TRUMPETER CREEK — A usually quiet area where tall grasses surround a murky creek just northeast of Mount Vernon was bustling Monday as a group worked to catch fish in nets.
The fish were being taken out of Trumpeter Creek as part of a restoration project.
Skagit County, the Skagit Land Trust and Ducks Unlimited are working together on the project, which will restore Trumpeter Creek to a flow that will meander through the grassy landscape and eventually be flanked by trees and shrubs.
In the early 1900s, Trumpeter Creek was straightened into a deep ditch that improved drainage for agriculture on the land around it, Skagit Land Trust Conservation Director Michael Kirshenbaum said.
Restoring 3,000 feet of the creek on Skagit Land Trust property to a meandering flow will improve water quality and benefit fish.
Skagit County Habitat Restoration Specialist Emily Derene said the combination of a meandering flow and the addition of plants along the creek will help keep the water clean and cool.
Trumpeter Creek connects with Nookachamps Creek, which flows into Barney Lake and eventually into the Skagit River.
The Skagit Land Trust has been working for years to protect the Nookachamps Creek watershed and Barney Lake, which offer important habitat for salmon, amphibians and birds.
While using nets of various sizes Monday, project staff, volunteers and Emerson High School students caught coho salmon, other native fish and invasive species including catfish from Trumpeter Creek.
“That was a good run. We caught a big-ass catfish,” 18-year-old Emerson student Trevor Ulrich said while climbing out of the water to get a closer look at the catfish that had been put into a bucket.

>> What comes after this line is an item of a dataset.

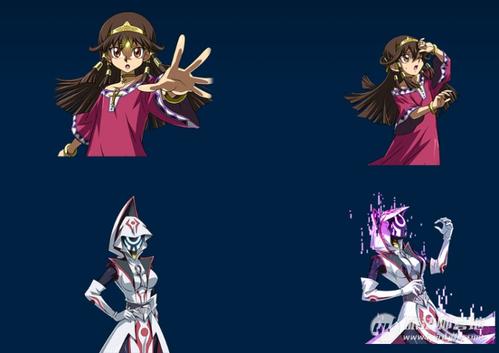 fukt2i">塞拉,日本动画电影《 a target="_blank" href="/item/游戏王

The catfish and other invasive species caught in the creek were removed, but native species including the coho were released into the new channel of Trumpeter Creek.
Work on Trumpeter Creek began in August and is expected to be completed by early October.
The project is primarily being paid for with a grant from the state Department of Ecology. The county and Ducks Unlimited are providing additional support.
In addition to improving water quality in Trumpeter Creek, the project will allow the area to take on more floodwater during the wet season. That will create wetland habitat used by fish, frogs and birds, said C.K. Eidem, regional biologist for Ducks Unlimited.
Project partners said neighboring fields will continue to be farmed for hay and other crops after the project is complete.
“This project will be especially cool for us because we’re going to keep these working pastures, which are really good for geese,” Eidem said.
Ducks Unlimited is a national wetland conservation organization that focuses on habitat for birds — particularly ducks — for recreation including hunting and bird-watching.
Over the years, the organization has helped the Skagit Land Trust protect Barney Lake and surrounding habitat.